The House of Lords held that the surveyors did owe a duty of care to the purchaser. Despite the lack of a direct contract, the court found an “especially close relationship” because the surveyor was aware that the buyer would likely rely on the valuation. Crucially, the disclaimer was ineffective because it failed the “reasonableness” test required by the Unfair Contract Terms Act 1977 (UCTA).
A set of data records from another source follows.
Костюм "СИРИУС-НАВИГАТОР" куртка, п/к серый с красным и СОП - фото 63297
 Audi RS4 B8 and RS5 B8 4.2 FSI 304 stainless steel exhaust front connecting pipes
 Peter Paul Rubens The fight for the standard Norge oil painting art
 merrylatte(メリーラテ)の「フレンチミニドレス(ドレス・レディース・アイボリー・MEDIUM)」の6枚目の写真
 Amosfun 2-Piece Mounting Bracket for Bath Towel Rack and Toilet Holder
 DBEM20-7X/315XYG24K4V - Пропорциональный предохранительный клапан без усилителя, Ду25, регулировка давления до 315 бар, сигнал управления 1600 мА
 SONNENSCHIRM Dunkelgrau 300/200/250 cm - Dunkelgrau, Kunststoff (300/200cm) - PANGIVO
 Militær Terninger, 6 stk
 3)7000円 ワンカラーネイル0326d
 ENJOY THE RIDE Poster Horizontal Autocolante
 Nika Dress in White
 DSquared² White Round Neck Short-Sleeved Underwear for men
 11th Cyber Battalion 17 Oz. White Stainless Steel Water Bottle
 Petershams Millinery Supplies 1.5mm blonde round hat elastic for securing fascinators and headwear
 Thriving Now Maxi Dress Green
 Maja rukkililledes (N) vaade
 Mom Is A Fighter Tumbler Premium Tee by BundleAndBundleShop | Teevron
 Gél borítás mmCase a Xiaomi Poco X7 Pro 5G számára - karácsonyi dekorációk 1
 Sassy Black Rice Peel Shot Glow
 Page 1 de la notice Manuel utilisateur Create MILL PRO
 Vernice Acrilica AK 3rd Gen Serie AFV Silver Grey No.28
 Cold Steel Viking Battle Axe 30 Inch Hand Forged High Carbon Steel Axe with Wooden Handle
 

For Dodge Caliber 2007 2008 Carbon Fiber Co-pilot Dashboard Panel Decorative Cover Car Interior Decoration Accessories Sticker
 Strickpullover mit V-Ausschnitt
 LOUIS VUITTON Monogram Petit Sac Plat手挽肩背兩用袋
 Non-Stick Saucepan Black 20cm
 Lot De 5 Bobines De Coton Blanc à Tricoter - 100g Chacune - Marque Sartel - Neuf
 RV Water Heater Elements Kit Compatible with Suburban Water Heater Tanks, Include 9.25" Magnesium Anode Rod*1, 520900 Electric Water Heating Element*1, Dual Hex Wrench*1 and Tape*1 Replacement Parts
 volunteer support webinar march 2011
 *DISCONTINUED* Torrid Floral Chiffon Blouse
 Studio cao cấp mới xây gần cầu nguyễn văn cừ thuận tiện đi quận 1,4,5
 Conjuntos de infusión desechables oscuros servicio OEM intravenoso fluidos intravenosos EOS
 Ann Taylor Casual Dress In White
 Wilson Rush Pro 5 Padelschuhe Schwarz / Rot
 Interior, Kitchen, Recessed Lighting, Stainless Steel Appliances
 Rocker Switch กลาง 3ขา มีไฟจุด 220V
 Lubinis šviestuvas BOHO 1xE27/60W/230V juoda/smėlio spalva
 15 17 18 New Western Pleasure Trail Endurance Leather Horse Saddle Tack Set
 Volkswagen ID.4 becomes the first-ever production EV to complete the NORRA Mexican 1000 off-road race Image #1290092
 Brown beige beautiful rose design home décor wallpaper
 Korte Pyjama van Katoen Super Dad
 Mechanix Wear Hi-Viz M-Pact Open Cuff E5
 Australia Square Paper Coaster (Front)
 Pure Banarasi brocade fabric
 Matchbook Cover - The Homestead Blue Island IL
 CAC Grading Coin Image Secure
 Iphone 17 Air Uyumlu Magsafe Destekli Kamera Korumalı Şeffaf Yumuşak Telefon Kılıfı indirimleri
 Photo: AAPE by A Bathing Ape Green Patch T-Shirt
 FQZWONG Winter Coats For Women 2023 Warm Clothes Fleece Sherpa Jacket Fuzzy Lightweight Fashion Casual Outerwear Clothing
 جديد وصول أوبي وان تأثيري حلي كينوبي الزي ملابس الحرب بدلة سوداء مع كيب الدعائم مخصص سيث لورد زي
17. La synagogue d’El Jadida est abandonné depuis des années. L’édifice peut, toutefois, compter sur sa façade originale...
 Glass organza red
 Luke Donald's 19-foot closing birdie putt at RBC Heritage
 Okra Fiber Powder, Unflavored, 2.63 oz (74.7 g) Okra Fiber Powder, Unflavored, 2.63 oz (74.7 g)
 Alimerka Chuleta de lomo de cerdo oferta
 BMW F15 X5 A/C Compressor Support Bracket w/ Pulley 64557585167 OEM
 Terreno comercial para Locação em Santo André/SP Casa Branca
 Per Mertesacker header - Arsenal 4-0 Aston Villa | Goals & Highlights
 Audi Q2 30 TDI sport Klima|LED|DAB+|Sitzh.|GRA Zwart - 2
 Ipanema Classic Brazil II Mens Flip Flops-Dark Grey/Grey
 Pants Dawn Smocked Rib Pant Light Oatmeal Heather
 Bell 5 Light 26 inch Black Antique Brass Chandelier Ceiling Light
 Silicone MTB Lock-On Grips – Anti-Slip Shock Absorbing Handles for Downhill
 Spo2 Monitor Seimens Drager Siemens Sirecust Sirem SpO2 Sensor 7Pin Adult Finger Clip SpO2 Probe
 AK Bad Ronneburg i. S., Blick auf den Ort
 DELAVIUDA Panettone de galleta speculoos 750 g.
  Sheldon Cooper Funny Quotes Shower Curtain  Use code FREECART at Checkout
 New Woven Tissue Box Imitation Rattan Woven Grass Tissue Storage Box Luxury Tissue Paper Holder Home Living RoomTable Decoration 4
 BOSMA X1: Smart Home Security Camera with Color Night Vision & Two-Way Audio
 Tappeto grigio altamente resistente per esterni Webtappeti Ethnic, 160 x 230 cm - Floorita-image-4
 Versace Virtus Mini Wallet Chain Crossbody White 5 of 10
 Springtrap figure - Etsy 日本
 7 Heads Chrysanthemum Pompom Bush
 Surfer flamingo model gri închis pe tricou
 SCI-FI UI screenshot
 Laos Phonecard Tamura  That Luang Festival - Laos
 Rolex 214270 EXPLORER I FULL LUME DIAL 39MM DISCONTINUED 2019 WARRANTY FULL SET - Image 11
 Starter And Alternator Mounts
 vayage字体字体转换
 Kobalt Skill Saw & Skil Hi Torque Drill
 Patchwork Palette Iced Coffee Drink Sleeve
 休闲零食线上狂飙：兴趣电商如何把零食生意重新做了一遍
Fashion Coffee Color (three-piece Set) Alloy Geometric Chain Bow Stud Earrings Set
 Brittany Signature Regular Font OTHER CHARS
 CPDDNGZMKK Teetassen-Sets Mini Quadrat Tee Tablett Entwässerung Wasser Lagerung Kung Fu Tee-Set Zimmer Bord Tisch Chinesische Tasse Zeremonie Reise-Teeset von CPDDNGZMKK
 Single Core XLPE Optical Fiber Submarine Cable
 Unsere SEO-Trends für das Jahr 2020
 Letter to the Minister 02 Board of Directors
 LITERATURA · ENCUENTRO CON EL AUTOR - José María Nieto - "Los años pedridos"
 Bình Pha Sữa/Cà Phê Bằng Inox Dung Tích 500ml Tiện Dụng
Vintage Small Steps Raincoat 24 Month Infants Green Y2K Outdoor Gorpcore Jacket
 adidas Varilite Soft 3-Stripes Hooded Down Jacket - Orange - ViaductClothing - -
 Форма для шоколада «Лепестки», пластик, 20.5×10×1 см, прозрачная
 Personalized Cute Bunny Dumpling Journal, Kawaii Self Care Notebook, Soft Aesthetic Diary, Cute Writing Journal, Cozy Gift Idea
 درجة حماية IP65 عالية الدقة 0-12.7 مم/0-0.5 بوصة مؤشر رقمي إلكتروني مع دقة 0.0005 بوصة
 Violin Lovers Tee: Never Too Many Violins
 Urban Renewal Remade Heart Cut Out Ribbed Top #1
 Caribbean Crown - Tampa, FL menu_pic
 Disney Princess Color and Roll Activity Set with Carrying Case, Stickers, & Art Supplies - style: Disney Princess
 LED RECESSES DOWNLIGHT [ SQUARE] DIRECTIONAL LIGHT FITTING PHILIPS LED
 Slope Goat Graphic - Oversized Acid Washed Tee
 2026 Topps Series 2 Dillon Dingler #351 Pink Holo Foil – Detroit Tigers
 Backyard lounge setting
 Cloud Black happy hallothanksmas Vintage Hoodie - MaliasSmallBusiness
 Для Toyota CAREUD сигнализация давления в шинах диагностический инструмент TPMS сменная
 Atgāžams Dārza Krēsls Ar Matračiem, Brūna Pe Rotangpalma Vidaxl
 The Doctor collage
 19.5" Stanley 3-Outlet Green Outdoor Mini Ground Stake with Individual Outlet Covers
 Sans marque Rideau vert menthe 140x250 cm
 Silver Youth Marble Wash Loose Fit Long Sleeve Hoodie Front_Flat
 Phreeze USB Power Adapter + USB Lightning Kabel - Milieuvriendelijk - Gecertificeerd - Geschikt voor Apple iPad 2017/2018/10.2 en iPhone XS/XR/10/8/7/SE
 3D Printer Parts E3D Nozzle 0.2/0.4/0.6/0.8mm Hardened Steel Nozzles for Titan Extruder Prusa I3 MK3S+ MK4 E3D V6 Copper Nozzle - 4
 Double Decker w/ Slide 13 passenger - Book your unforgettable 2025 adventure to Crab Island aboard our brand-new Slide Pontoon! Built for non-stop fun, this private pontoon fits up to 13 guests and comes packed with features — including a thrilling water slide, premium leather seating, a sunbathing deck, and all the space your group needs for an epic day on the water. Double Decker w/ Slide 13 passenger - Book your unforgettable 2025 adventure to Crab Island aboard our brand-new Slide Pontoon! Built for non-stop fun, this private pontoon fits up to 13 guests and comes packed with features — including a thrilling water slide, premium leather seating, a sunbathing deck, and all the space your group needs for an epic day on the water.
Key Reasoning and Principles

  • Reasonable reliance: it is “commonly understood” that homebuyers rely on mortgage valuations to save on the cost of a full structural survey, especially since the buyer ultimately pays the lender for the valuation.
  • Modest means and importance: for many, a house is the most important purchase of their life. The claimant was of “modest means” and was entitled to rely on the professional valuer’s skill.
  • The UCTA reasonableness test: the House of Lords identified several factors for whether a disclaimer is reasonable:
    • the bargaining power of the parties;
    • how difficult the task being undertaken was;
    • the practical consequences of the loss, including the parties’ ability to bear it through insurance.
  • Distinction from Caparo: unlike Caparo v Dickman, where an audit could be relied upon by an indeterminate number of investors, the surveyor here knew specifically who would rely on the report for one particular transaction.

Legacy and Limitations

The decision is primarily applicable to private residential homebuyers. This was highlighted in Scullion v Bank of Scotland, where the court refused to extend the duty to a purchaser of a buy-to-let property, treating that as a commercial investment rather than the purchase of a family home.